Ceph shines at: general-purpose, shared, scalable storage. With RGW (S3), RBD (block), or CephFS (file), you can serve very different needs from a single platform.
But don’t carry the workload “just because Ceph exists” in these two cases:
- The application is extremely sensitive to storage latency (especially small IOs and synchronous writes)
- Your operations team is not mature enough to handle 7/24 Ceph events (backfill/rebalance/scrub/recovery)
Failure domain: Not how many replicas, but where the replicas live
In Ceph, replica count (e.g. size=3) matters but it is an incomplete sentence. The real question is:
Are the replicas of the same data on the same host, the same rack, the same room, the same “power domain”?
The most practical failure domain layers in on-prem environments:
- host: failure of the same physical server
- rack: rack PDU/ToR failure or maintenance impact
- room / pod: room-level power or cooling events
- site / DC: loss of the data center (this tier is a separate topic: stretch cluster vs async replication)
On the Ceph side you express this with the CRUSH map. Your goal: replicas should “not die together in the same fault”.
Network and physics: The hidden drivers of recovery
The most overlooked truth about Ceph: recovery is not just traffic; disk and CPU are also in the picture. OSDs compete for both user IO and recovery.
Practical architectural decisions:
- Public / cluster network split: separate NIC/VLAN if possible, at minimum QoS-based separation
- Jumbo frames: if the infrastructure supports it (end-to-end), they cut recovery time; if not, they create noise
- Disk classes: with NVMe + HDD mixes, separate pools and use device classes deliberately
Capacity planning: “Working under normal conditions” is not enough
A Ceph capacity plan has two critical reserves:
- Fault reserve: room to redistribute replicas when an OSD/host/rack is lost
- Recovery time reserve: completing that redistribution without breaking the SLO
My simple rule that holds up in the field:
- For replicated pools (size=3) and long-lived workloads, treat utilization above 65–70% as risky
- If you’ll use erasure coding, evaluate it not for “raw capacity gain” but for rebuild cost
Operational design: What happens when an OSD goes down?
An OSD going down is normal. Don’t panic; follow the procedure.
Minimum runbook questions:
- Is the OSD “down” or “out”?
- Did a disk go away, did a host go away, did the network go away?
- Which PG states is the cluster in: “degraded” / “undersized” / “backfill_wait”?
- Are recovery throttle settings killing prod IO?
Example approach:
- First, isolate the cause: disk failure (SMART), host reboot, NIC link?

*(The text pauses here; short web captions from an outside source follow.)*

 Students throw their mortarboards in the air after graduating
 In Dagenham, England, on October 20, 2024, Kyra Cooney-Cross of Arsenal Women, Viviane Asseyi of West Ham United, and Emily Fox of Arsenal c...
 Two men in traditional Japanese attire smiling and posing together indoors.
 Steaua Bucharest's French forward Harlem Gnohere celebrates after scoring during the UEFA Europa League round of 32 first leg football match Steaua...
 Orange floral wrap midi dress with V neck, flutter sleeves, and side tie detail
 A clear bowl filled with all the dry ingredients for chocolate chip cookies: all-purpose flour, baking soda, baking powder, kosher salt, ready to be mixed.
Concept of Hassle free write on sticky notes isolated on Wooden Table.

- For short events, delay the reflex of marking it “out”: a “flap” creates unnecessary data movement
- If the fault is permanent, mark the OSD out and start a controlled recovery
- Don’t open a second large change before recovery completes (especially adding/removing OSDs)

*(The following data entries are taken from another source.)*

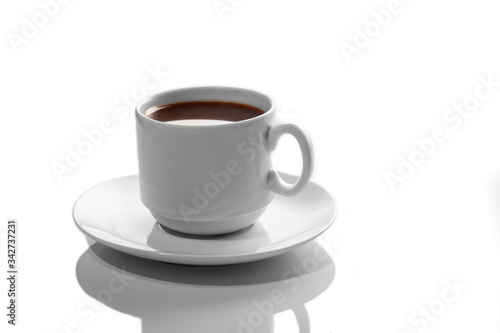 small white porcelain Cup with hot coffee on a white saucer side view isolated on a white background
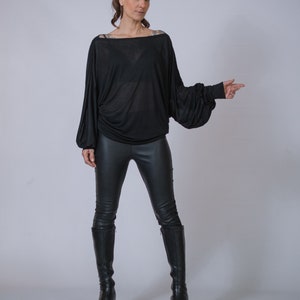 Soft oversized blouse, casual streetwear with batwing sleeves.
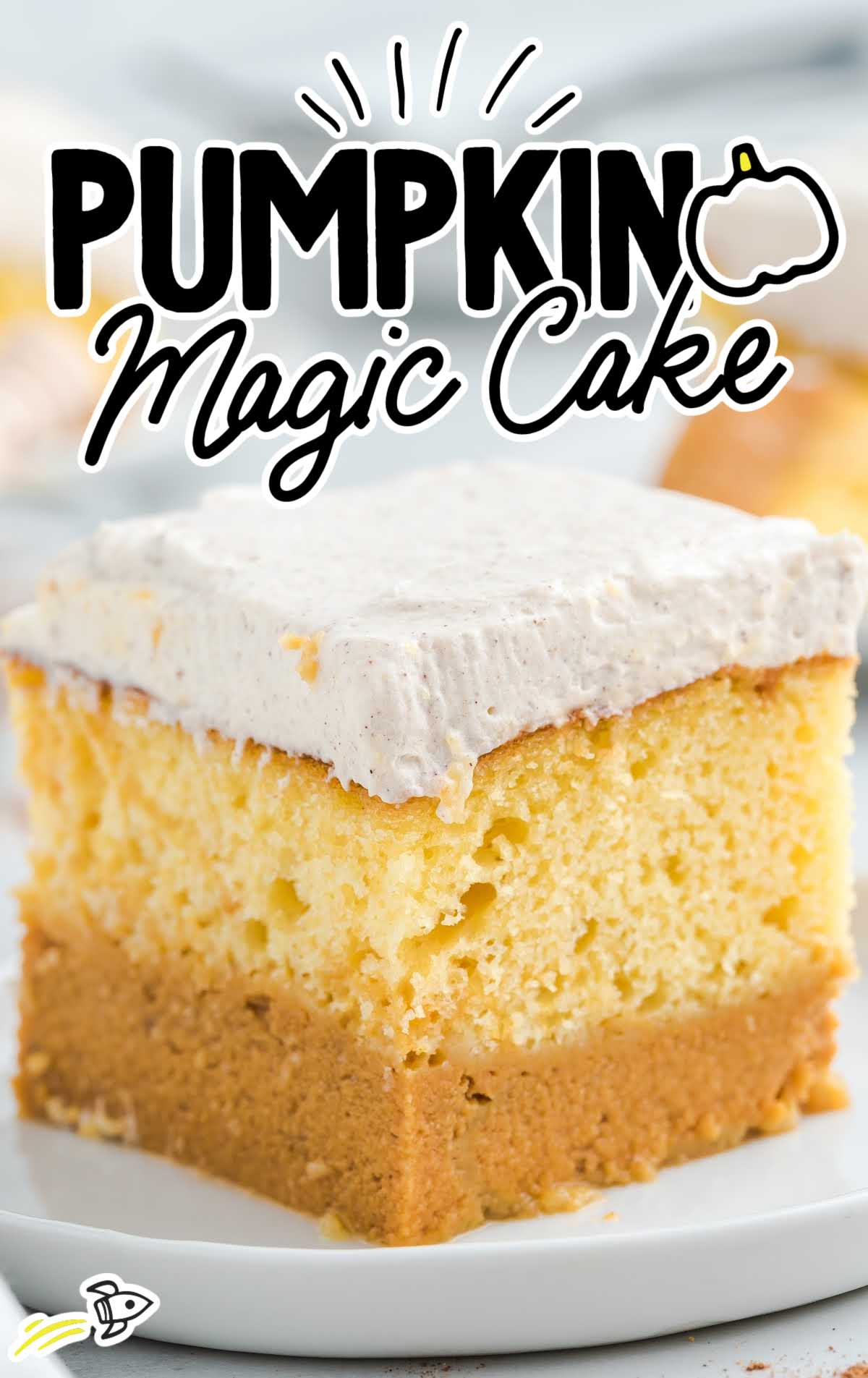 Pumpkin magic cake slice on a white plate with visible pumpkin base layer and whipped topping.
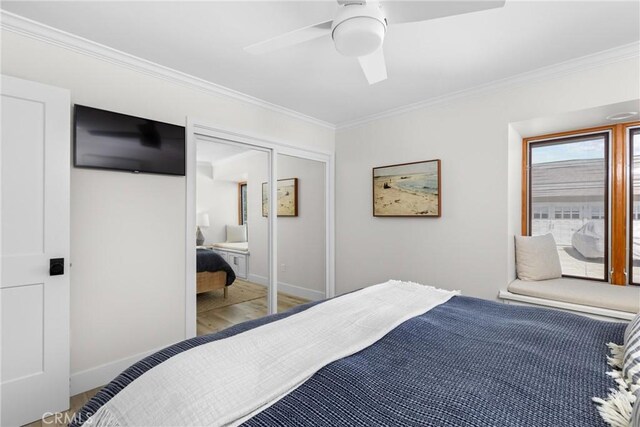3080 Studio Dr, Cayucos, CA 93430 - bedroom featuring crown molding, wood finished floors, baseboards, ceiling fan, and ensuite bath
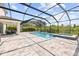 Beautiful screened-in pool area with spa, lush landscaping, and spacious patio at 1675 Bering Rd, Wesley Chapel, FL 33543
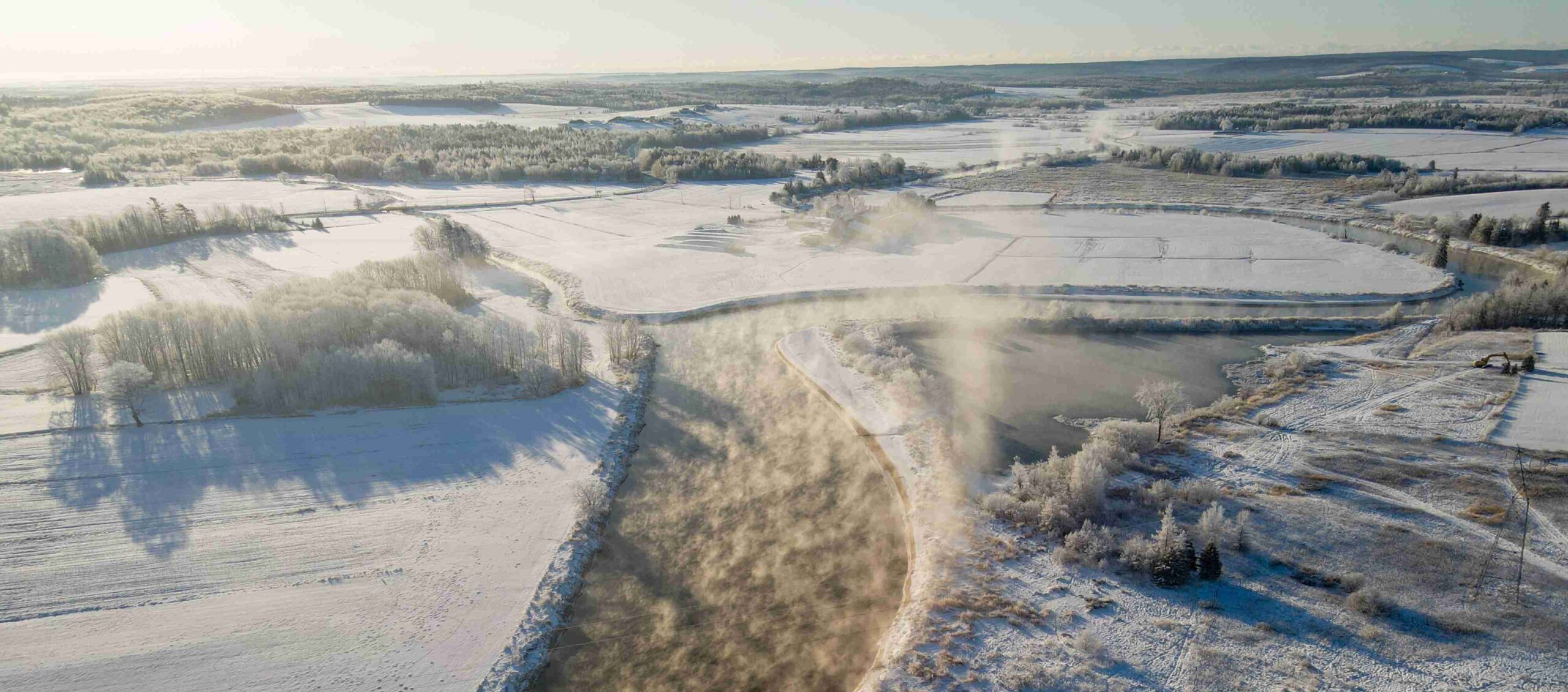 Shubenacadie River winding through snow covered fields on a frosty morning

Alarms and metrics: “Degraded” alone arrives late
On the alarm side, “HEALTH_WARN” alone is not enough. I track these signals together:
PGs degraded / undersized / stalemisplacedratio and its trend- Recovery throughput (MB/s) and ETA feel
slow opsandosd perflatencies- Utilization: gap between the fullest OSD and the emptiest OSD (imbalance)
These metrics signal “the cluster is becoming unrecoverable” before “the cluster is broken”.
Security: An S3 key is as valuable as the root password
The most common mistake on the Ceph RGW side is treating S3 as an “internal service” and going lax on it. A practical checklist:
- Segment RGW (don’t let it behave like a “general service” exposed to the production network)
- Standardize TLS (in-cluster TLS termination + need for mTLS)
- Make IAM-like policies and bucket policies explicit
- Split “backup buckets” and “application buckets” into separate tenants/pools (blast radius)
Conclusion: Ceph success is as real as a “fault simulation”
What makes Ceph good is not “it works today”; it is that it remains controllable tomorrow when a rack goes away. Once you describe the failure domain correctly and back the recovery budget with capacity and the network, Ceph genuinely produces value in enterprise environments: less vendor lock-in, better scale, and more consistent operations.